Stay safe while you ‘Do It Yourself’
By Tom Phelan - ReminderNews
Home & Garden - posted Wed., Apr. 11, 2012
Many of us do-it-yourself-ers make it our business to learn how to do almost anything. Along the way, though, we don’t all learn to use safe practices that apply to those projects we do ourselves.
Read the operator guide for your tools. You may be familiar with power tool use already, but take time to learn once again all the safety features you may not be using. Keep all manufacturer-provided guards and safety features in place.
Take special care to route power and extension cords safely. Tangled cords restrict your ability to control a potentially dangerous device. Coil unused cords and hang them up so they are out of traffic. Take out of service any damaged tools or extension cords that need repair, until you can fix or replace them.
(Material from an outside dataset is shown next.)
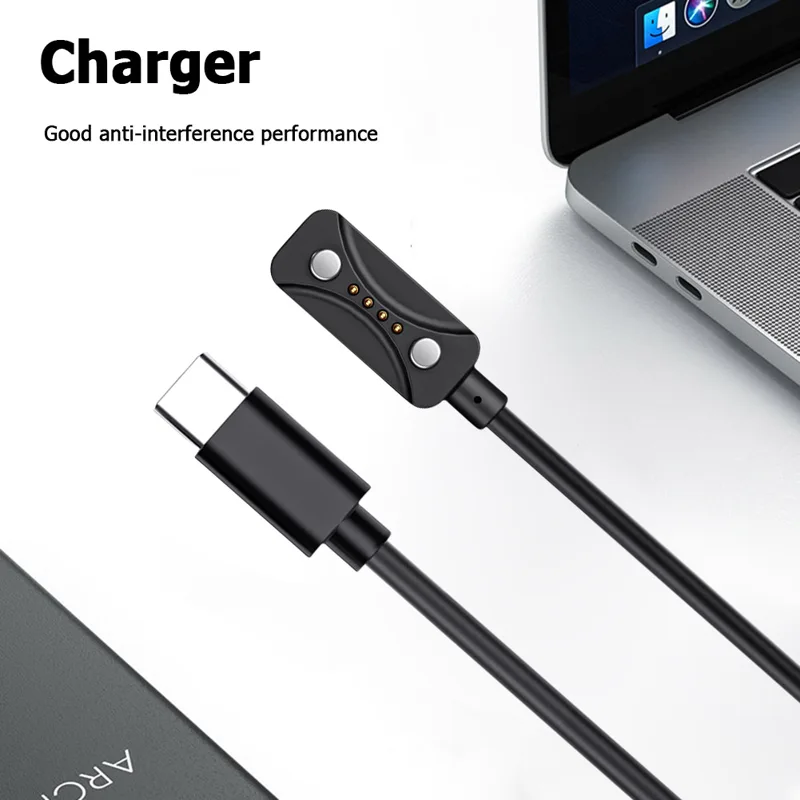 Smartwatch X2 - Cavo di ricarica USB C da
Keep your hands, feet and fingers out of harm’s way of woodworking tools by making appropriate use of guides and jigs. Use something other than your hand to move the piece you’re cutting through a tight place.
Protect your eyes, ears and bare skin from flying trim and dust. Don’t be so vain or in such a hurry that you can’t flip your goggles or visor down.
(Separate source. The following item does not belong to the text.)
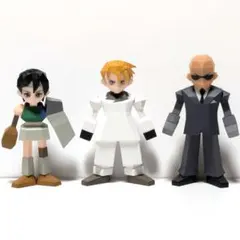 FF7 リバース 一番くじG ミニフィギュア ファイナルファンタジー　まとめ売り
It may be hot or uncomfortable to put on long pants or long-sleeved shirts in warm weather, but you really should wear long pants when you do lawn work to protect your legs from flying debris and yard chemicals. Protect your arms and hands with long sleeved shirts and gloves when working with power tools.
If the products in a can, bottle or plastic bag call for “chemical resistant gloves,” don’t try to get away with the same pair you use when doing yard work.
Last, and certainly not of least importance, always take the time to shut off electricity, water or gas at the source when working with those systems. The potential consequence of not doing that far outweighs the inconvenience, time, and effort it takes.